Blague mise à part, les propos des deux responsables syriens sont destinés à cacher certaines secousses dans les rapports entre Moscou et Damas, à cause de deux dossiers : le Captagon dont la production prospère en Syrie et les discussions à Genève, du Comité constitutionnel composé de représentants du régime d’Assad et de l’opposition syrienne.

Selon des informations parvenues à Beyrouth la semaine dernière depuis la capitale russe, le ministre russe des Affaires étrangères Sergueï Lavrov avait convoqué son homologue syrien pour lui demander de transmettre à Bachar el-Assad l’irritation de Moscou face au développement de la consommation de Captagon parmi les soldats russes déployés en Syrie, ainsi que la position négative du président syrien par rapport à la tenue d’un nouveau round des réunions du Comité constitutionnel à Genève.

Selon les informations obtenues au sujet de l’affaire du Captagon, qui constitue une priorité pour Moscou, les dirigeants russes ont reçu des rapports alarmants concernant la consommation de cette drogue par nombre de soldats russes. Une drogue facilement accessible, apparemment fournie à ces militaires par la quatrième division de l’armée syrienne dirigée par Maher el-Assad, frère du président syrien.
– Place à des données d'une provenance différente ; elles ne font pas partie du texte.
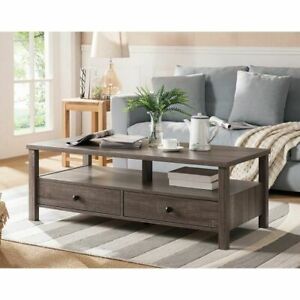 Transitional Distressed Grey Coffee Table with Two Drawers And Shelf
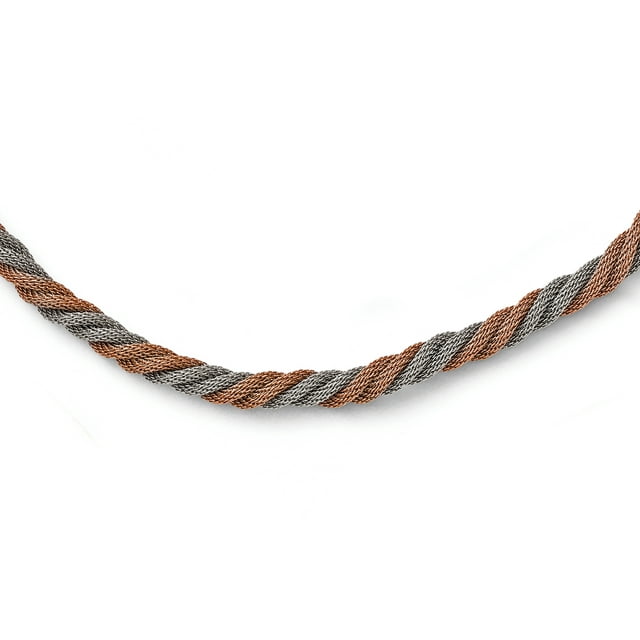 Stainless Steel Polished Rose IP-plated Twisted Mesh Necklace 17.5 Inch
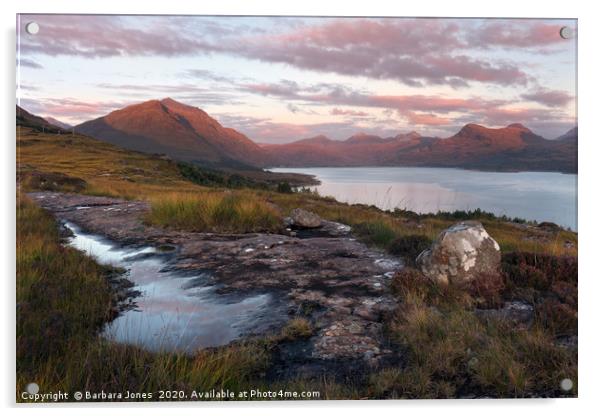 Liathach and South Torridon Hills Sunset  Acrylic by Barbara Jones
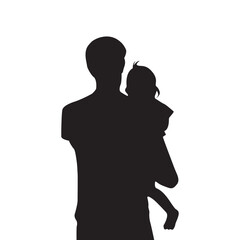 silhouette of parent and child flat icon 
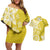 Polynesia Couples Matching Off Shoulder Short Dress and Hawaiian Shirt Yellow Tribal Turtle Floral Pattern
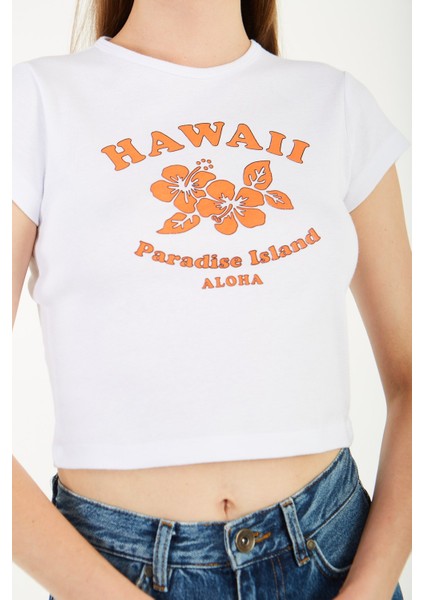 Hawaii - %100 Pamuk Beyaz Baskı Detaylı Tişört | 160567-1 modelleri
Il semble que les effets de la consommation de Captagon par les soldats russes commence à se faire sentir au niveau de la discipline imposée par leur commandement militaire aux unités postées en Syrie depuis 2015, afin d’éviter la chute du régime Assad, après le soulèvement populaire de 2011. Tous les contacts effectués par le commandement militaire russe en Syrie afin de convaincre Maher el-Assad de ne plus exposer les soldats russes aux dangers du Captagon sont restés lettre morte. D’où la décision russe de convoquer Fayçal Mekdad à Moscou pour que Serguei Lavrov lui remette en main propre la lettre russe adressée directement au président syrien, lui demandant d’intervenir en personne auprès de son frère afin de mettre un terme à ses agissements.
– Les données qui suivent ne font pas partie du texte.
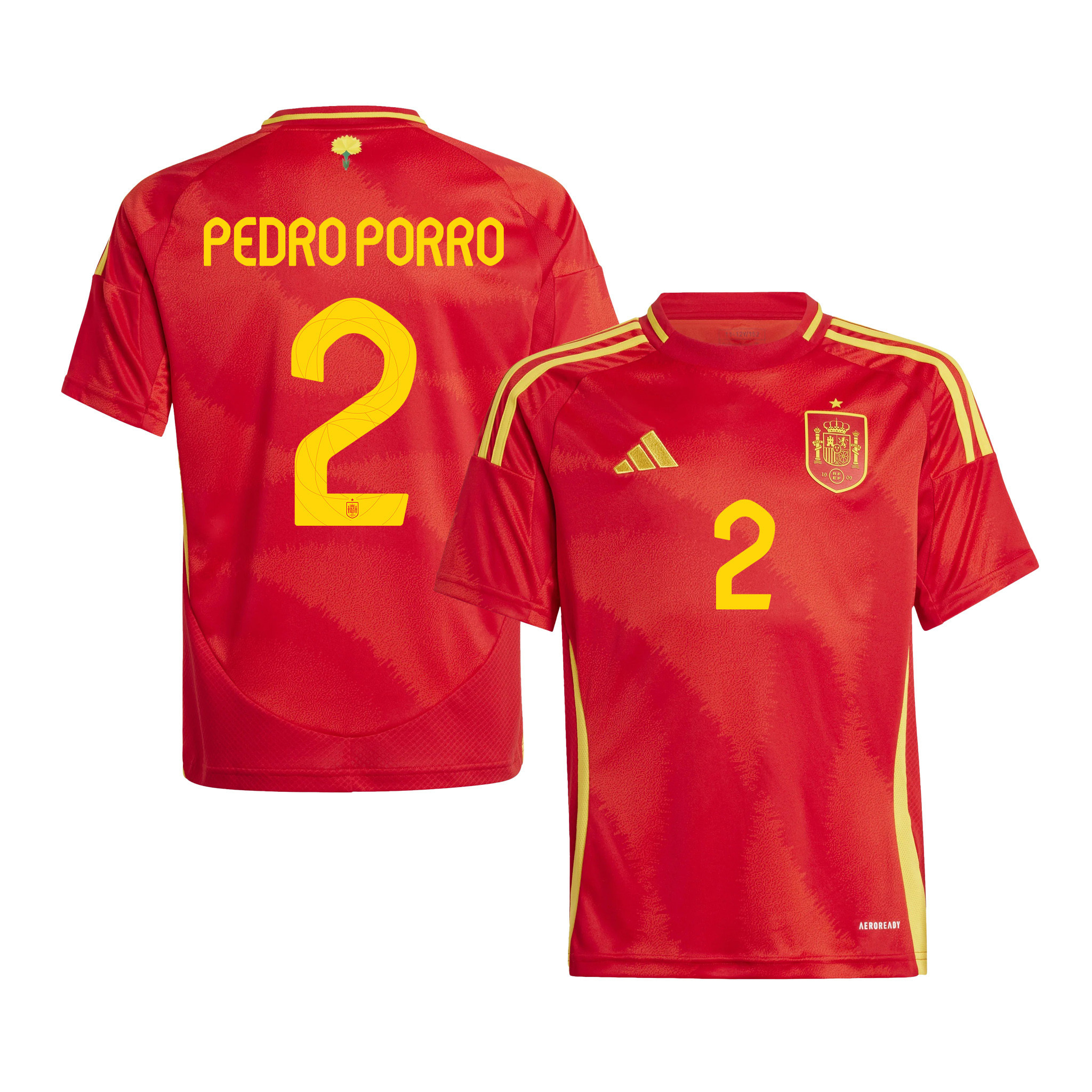 Pedro Porro 2 Spain National Team 2024 Home YOUTH Jersey - Red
A Moscou, on révèle que la même mise en garde au sujet du Captagon a été adressée par la Russie aux dirigeants du Hezbollah, compte-tenu du partenariat entre la formation pro-iranienne et Maher el-Assad au niveau de la production et du trafic de cette drogue.

Selon diverses informations de presse, ce sont les sanctions internationales, la loi César en particulier, qui ont poussé Bachar el-Assad à charger son frère cadet de protéger les usines de production de Captagon, en raison de l’importance des rentrées d’argent générées par ce trafic.
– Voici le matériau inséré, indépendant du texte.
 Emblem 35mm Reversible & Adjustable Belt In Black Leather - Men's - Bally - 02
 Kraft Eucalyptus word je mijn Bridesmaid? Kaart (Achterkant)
Le Hezbollah a quant à lui confié à Hassan Dekko, notoirement connu pour être le "roi du Captagon" au Liban – comme l’a du moins décrit le quotidien "al-Chark al-Awsat" – la gestion de l’empire du Captagon aux côtés de Maher el-Assad. Hassan Mohammad Dekko est un Syrien qui avait été naturalisé libanais en 2019, en vertu d’un décret (sous le mandat de l’actuel président de la République Michel Aoun).

Dans la même missive russe à Bachar el-Assad, Moscou fait part au président syrien de son refus de la position négative qu’il avait adoptée à l’égard de la mission de l’envoyé spécial des Nations unies pour la Syrie, Geir Pedersen. Ce dernier avait été reçu à Moscou le 23 février pour un entretien avec Sergueï Lavrov avec qui il avait fait le point concernant la tenue d’un nouveau round de discussions au sein du Comité constitutionnel à Genève. Geir Pedersen avait proposé des discussions par étapes ce que l’opposition avait aussi contestée.